Data to process:

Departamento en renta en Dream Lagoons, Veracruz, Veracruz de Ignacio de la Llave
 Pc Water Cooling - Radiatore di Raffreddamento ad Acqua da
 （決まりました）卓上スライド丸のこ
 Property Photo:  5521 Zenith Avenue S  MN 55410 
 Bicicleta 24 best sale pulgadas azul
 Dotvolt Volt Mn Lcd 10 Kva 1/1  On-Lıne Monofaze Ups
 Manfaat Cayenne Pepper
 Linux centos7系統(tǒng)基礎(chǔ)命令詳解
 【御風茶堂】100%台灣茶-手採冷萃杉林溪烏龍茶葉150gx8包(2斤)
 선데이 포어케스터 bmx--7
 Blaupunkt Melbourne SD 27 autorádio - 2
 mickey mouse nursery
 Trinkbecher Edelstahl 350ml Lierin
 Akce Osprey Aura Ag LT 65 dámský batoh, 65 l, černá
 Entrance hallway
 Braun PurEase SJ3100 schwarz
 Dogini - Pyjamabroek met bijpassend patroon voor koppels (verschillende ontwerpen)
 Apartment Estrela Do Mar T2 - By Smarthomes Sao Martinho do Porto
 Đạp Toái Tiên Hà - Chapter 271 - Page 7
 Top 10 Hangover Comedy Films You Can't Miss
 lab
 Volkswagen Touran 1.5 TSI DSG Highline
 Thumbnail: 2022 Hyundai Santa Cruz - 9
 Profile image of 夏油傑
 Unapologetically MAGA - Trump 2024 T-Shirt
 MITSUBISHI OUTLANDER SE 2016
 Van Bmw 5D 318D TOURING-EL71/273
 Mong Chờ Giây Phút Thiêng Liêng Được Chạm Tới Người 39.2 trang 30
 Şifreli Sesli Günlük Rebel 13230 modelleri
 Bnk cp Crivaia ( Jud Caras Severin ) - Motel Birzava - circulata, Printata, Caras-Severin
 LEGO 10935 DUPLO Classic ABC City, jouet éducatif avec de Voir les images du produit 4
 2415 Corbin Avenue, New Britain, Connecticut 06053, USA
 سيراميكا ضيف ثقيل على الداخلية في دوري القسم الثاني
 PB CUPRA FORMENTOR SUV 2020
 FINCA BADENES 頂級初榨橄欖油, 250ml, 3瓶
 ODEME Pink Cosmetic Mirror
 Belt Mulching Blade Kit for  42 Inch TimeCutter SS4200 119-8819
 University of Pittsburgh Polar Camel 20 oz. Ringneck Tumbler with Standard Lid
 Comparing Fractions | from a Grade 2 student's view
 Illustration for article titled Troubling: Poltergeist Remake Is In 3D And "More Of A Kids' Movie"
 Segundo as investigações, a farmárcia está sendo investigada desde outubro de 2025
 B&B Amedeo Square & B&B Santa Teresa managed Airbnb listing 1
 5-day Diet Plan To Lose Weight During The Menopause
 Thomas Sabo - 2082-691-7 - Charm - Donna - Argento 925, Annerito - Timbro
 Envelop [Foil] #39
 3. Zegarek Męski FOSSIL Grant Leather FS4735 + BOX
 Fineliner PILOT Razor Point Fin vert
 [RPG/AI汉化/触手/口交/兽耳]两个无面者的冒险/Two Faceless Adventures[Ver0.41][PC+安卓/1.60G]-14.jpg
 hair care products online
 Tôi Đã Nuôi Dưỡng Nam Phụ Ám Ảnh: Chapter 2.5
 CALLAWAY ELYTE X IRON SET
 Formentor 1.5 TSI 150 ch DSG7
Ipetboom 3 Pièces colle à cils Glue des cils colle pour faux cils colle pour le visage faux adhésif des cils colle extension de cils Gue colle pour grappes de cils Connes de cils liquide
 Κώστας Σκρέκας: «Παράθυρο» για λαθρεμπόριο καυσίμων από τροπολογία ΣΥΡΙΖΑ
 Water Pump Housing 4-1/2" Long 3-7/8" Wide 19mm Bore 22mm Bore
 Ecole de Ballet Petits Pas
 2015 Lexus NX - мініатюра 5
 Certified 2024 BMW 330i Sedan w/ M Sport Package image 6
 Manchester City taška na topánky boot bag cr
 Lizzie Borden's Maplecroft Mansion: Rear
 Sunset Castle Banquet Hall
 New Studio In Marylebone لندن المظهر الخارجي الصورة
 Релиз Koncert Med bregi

Work item: What is needed is every line from the start of the entries through the line containing "Apartment Estrela Do", returned word for word and nothing else.

Response for this exercise:
Departamento en renta en Dream Lagoons, Veracruz, Veracruz de Ignacio de la Llave
 Pc Water Cooling - Radiatore di Raffreddamento ad Acqua da
 （決まりました）卓上スライド丸のこ
 Property Photo:  5521 Zenith Avenue S  MN 55410 
 Bicicleta 24 best sale pulgadas azul
 Dotvolt Volt Mn Lcd 10 Kva 1/1  On-Lıne Monofaze Ups
 Manfaat Cayenne Pepper
 Linux centos7系統(tǒng)基礎(chǔ)命令詳解
 【御風茶堂】100%台灣茶-手採冷萃杉林溪烏龍茶葉150gx8包(2斤)
 선데이 포어케스터 bmx--7
 Blaupunkt Melbourne SD 27 autorádio - 2
 mickey mouse nursery
 Trinkbecher Edelstahl 350ml Lierin
 Akce Osprey Aura Ag LT 65 dámský batoh, 65 l, černá
 Entrance hallway
 Braun PurEase SJ3100 schwarz
 Dogini - Pyjamabroek met bijpassend patroon voor koppels (verschillende ontwerpen)
 Apartment Estrela Do Mar T2 - By Smarthomes Sao Martinho do Porto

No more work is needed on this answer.